Intraoperative incidents and accidents in our study were dominated by hypotension (10%), difficult intubation (8%) and cardiac arrest (0.5%). In a study by Ibrahima Gaye et al. [26] in 2016, similar incidents were reported. Our incident and accident rates are much lower than that observed in Diop FNM et al. [27] . This is due to the fact that our patients are in a state of severe hypovolemia on admission on the one hand, and on the other hand, to the quality of the preoperative preparation. In our study, the vasoactive amines ephedrine and norepinephrine were used alone or in combination to correct arterial hypotension. Blood transfusion was required intraoperatively in 51.4% of patients. According to Gérard et al., emergency transfusion, which must follow a protocol based solely on an arbitrary hemoglobin value, cannot be recommended. It is the physiological context of the patient that makes it possible to specify the indication [28] .

All patients received postoperatively a combination of paracetamol 1g and tramadol 100 mg intravenously. This result could be explained by the availability and accessibility of these drugs easily.

Overall mortality in our study was 3.2% of patients. This mortality involved three ASA 4U patients, two ASA 3U patients and one cardiac arrest in the operating room. Several authors [6] [26] report similar mortality [24] [29] found high mortality, respectively 17.5% and 12%. This agrees with the results of Solomkin et al. who had shown that the main issue in the initial management of peritonitis is the control of the infectious source, that any delay in surgical management as well as incomplete control of the source of infection, inappropriate antibiotic therapy would lead to complications and worsen the prognosis or even death [30] . This mortality rate in our study could be explained by the delay in consultation and therefore diagnosis on the one hand, and on the other hand, by the infectious state which leads to multiple visceral failures.

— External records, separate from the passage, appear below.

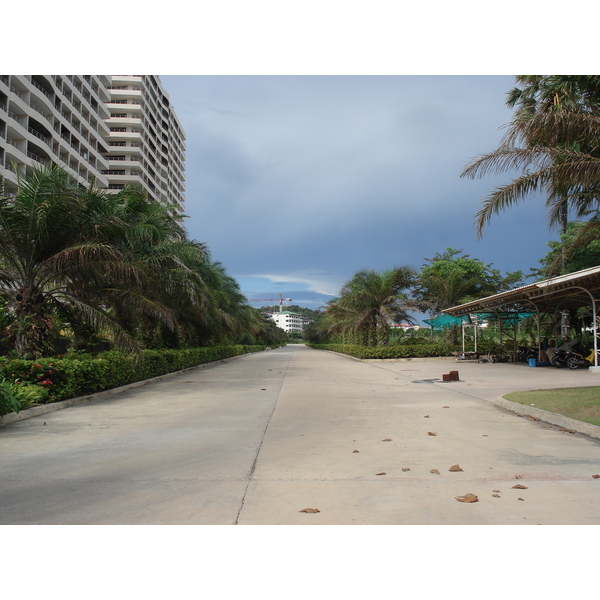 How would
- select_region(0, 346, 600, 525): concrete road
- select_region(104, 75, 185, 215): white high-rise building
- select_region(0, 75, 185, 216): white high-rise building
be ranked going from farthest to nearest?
select_region(104, 75, 185, 215): white high-rise building → select_region(0, 75, 185, 216): white high-rise building → select_region(0, 346, 600, 525): concrete road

Our study presents weaknesses in the initial management of peritonitis in the emergency room and limits. These weaknesses related to the absence of carrying out complete biological assessments, the use of ultrasound and CT as less diagnostic, limit insofar as it did not evaluate the long-term complications and the prognosis. Also the absence of bacteriological results from intraoperative samples which could have modified the therapy.

5. Conclusion

Peritonitis is a medico-surgical emergency. Anesthetic care is complex and provided mostly by senior anesthesia technicians. The delay in consultation and therefore in diagnosis are the factors of poor prognosis. Appendicular perforation peritonitis remains the leading cause. Raising awareness could improve morbidity and mortality.

Conflicts of Interest

The authors declare no conflicts of interest regarding the publication of this paper.